Claims management firm EMCAS has been fined £70,000 by the Information Commissioner’s Office after hundreds of consumers complained about unsolicited marketing calls.

The ICO says there were “serious” breaches of the privacy and electronic communications regulations, including repeated invasions of privacy and distress for consumers.

EMCAS failed to ensure that third party introducers calling on its behalf were checking consumers’ numbers against a list held by Ofcom of those who have said they do not wish to receive direct marketing calls.

Between 1 March 2013 and 28 February 2014, The Telephone Preference Service – the firm set up by Ofcom to manage the list – received 562 complaints from customers registered with them who had received calls from EMCAS.

During the same period, the ICO also received 68 complaints from individuals who had received unsolicited direct marketing calls from EMCAS.

Around half of these complainants described the calls as ‘repeat’, saying they had previously asked EMCAS not to call them again.

Some consumers described the calls as “distressing” and complained of feeling “hounded”.

EMCAS is also under investigation by the Ministry of Justice, the claims management regulator.

A spokesman for EMCAS says: “We aim to ensure that we only contact people who have given their permission for us to do so. However, between March 2013 and February 2014, this aim was not met for a small percentage of our customers, and we failed to prevent some unwanted calls from being made; for this, we offer our sincerest apologies.

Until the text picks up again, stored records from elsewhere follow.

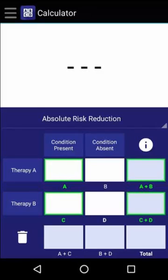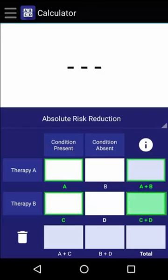When calculating the absolute risk reduction, we need to know four values: the number of people who received Therapy A and developed the condition, the total number of people who received Therapy A, the number of people who received Therapy B and developed the condition, and the total number of people who received Therapy B.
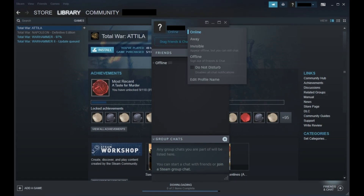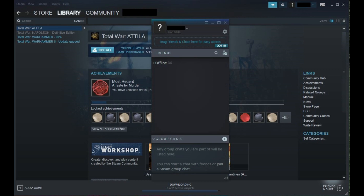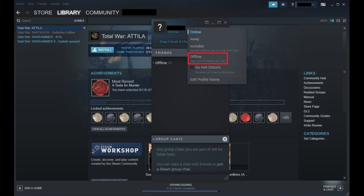Step 4. Click Invisible if you want to appear offline but still chat with people online. After selecting Invisible, you'll notice your name and status indicator become dark gray, and your status is changed to Invisible.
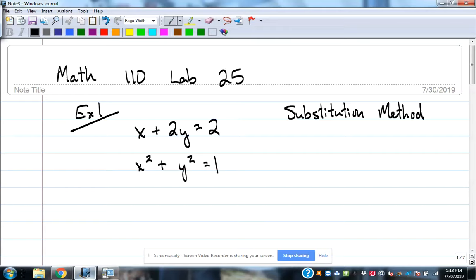Lab 25 is about nonlinear systems. Here we have a system of equations that has a linear function x plus 2y equals 2, and a nonlinear function x squared plus y squared equals 1.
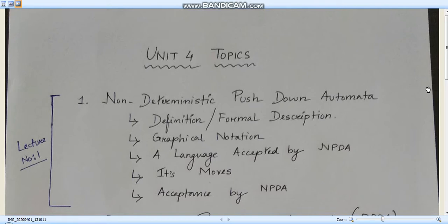In this first lecture I will explain what is non-deterministic pushdown automata and how to construct a non-deterministic pushdown automata from a particular language, with a basic example.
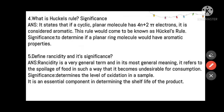The significance of Hückel's rule: this rule is used to determine if a planar ring would have aromatic properties. If a molecule passes through Hückel's rule — meaning it has 4n+2 pi electrons — then only it is known as aromatic; otherwise it is non-aromatic.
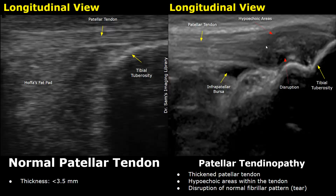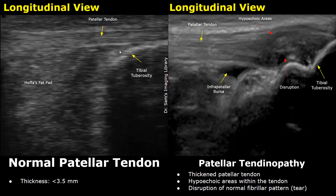This fluid-filled structure is the infrapatellar bursa. The normal bursa is hard to see on ultrasound — usually it is invisible — but in this case there is inflammation, so there is fluid accumulation in the bursa as well.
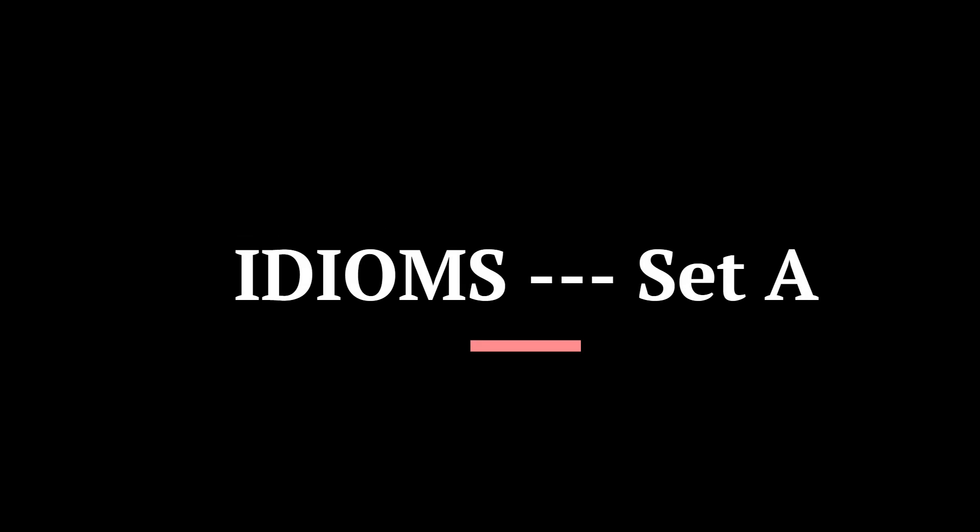Assalamualaikum warahmatullahi wabarakatuh bismillahirrahmanirrahim. Actually idioms ke liye mujhe kaafi bachhe baar baar keh rahe hain to main idioms ko le kar ab inshallah start kar rahi hoon hopefully is ko hum complete karein.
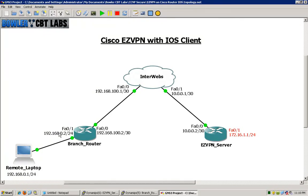We won't be configuring split tunneling in this particular lab, though it is possible. We're going to keep this simple and straightforward, moving through the configuration at a reasonable pace. If you have a basic VPN understanding of how IPsec works — the communications and configurations regarding transform sets, ISAKMP policies, and profiles — you should be pretty well set approaching this.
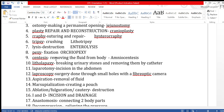The suffix '-centesis' means making a puncture and removing fluid from the body. You insert a needle into any part of the body and remove the fluid. For example, amniocentesis means removing the amniotic fluid surrounding a baby in the uterus. That covers almost all the suffixes.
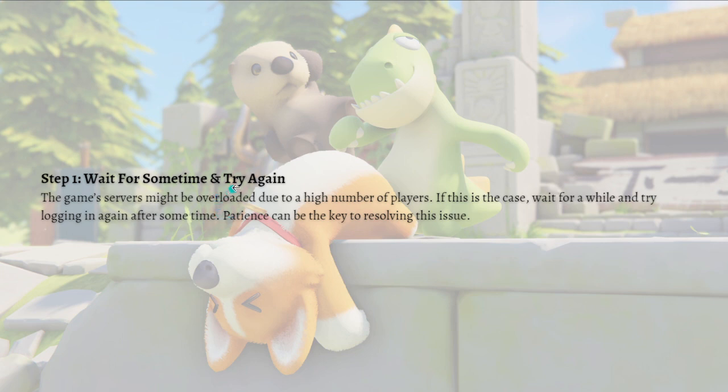...just wait for some time and try again. This game service might be overloaded due to a high number of players, so if this is the case, wait for a while and try logging in again after some time.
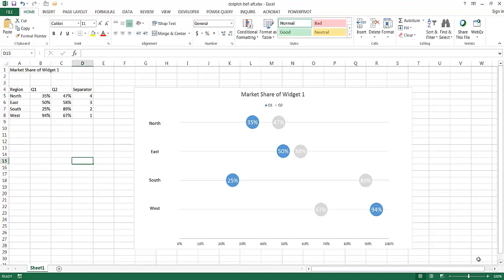In this video I'm going to show you how to create a dot plot that you can use to show before and after data. So let's say for example we have this data — some made up data for different regions like northeast and southwest — and we wanted to show the percentage market share of some widgets in Q1 as opposed to Q2. You can have Q1 as a blue color and Q2 as a gray color, so we can see the before and after Q1 and Q2 data here.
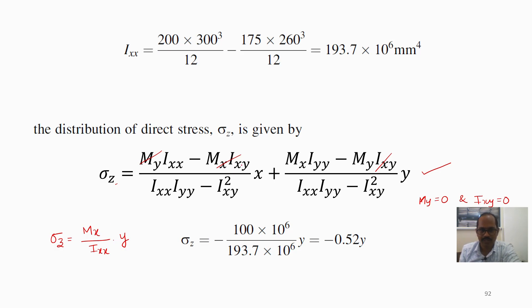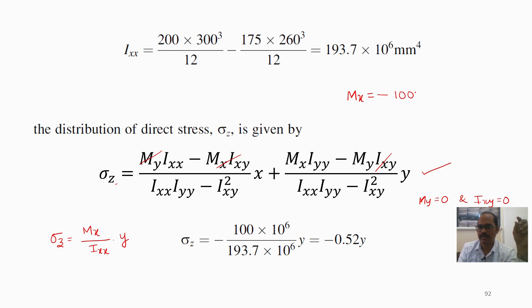Mx is given as −100 kilo-Newton meters. Converting to Newton-millimeters: −100 kN·m equals −100 × 10³ N × 10³ mm, giving Mx = −100 × 10⁶ N·mm.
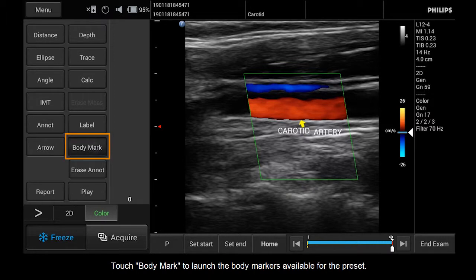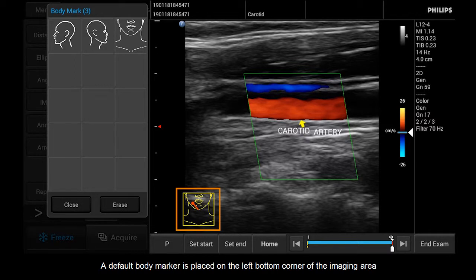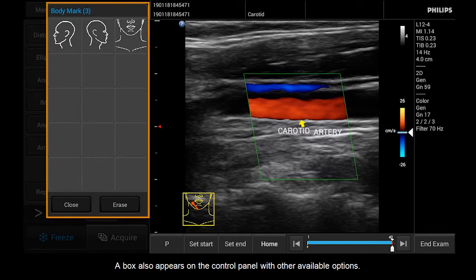Touch Body Mark to launch the body markers available for the preset. A default body marker is placed on the left bottom corner of the imaging area. A box also appears on the control panel with other available options.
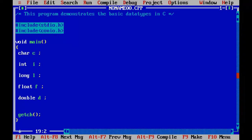To demonstrate the different data types in C, I have declared all the basic data types: character variable C, integer variable I, long variable L, float variable F, and double variable D. So here we have five different data types for five different variables. Now let's find out the memory size of all these data types.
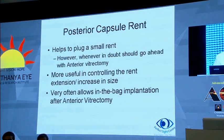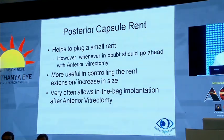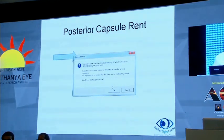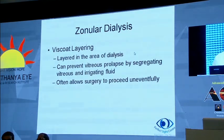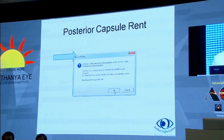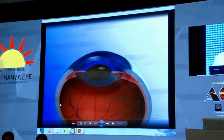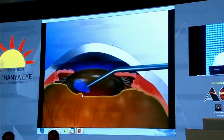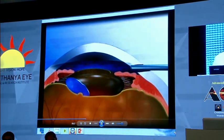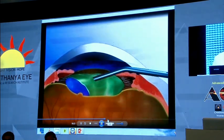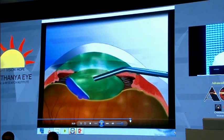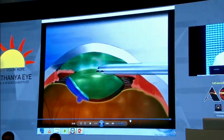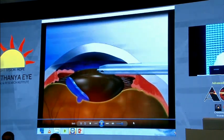In posterior capsule rent, Viscoat helps to plug a small rent. However, whenever in doubt, you should proceed with anterior vitrectomy. It is most useful in controlling the rent or preventing extension, and very often allows in-bag IOL implantation after anterior vitrectomy. Sometimes the procedure is near completion and at the last minute there is a rent — you can push in some Viscoat and place the lens, but more often than not there are nuclear pieces remaining, and it is always advisable to do anterior vitrectomy rather than just implant the lens, as that can cause problems.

“Following the ICO fine, we have been anticipating notification from the claims management regulator that they would be following up with their own investigation. This is standard practice and is designed to ensure that our regulator is satisfied that we are now fully compliant.

“Since the ICO findings were first brought to our attention in February, we have made significant changes to our business to ensure that we only contact people who have explicitly consented to receive such communication.”

In February, Money Marketing reported EMCAS had been forced to change a misleading newspaper advert by the Advertising Standards Authority.

West Riding Personal Financial Solutions managing director Neil Liversidge complained the advert was misleading.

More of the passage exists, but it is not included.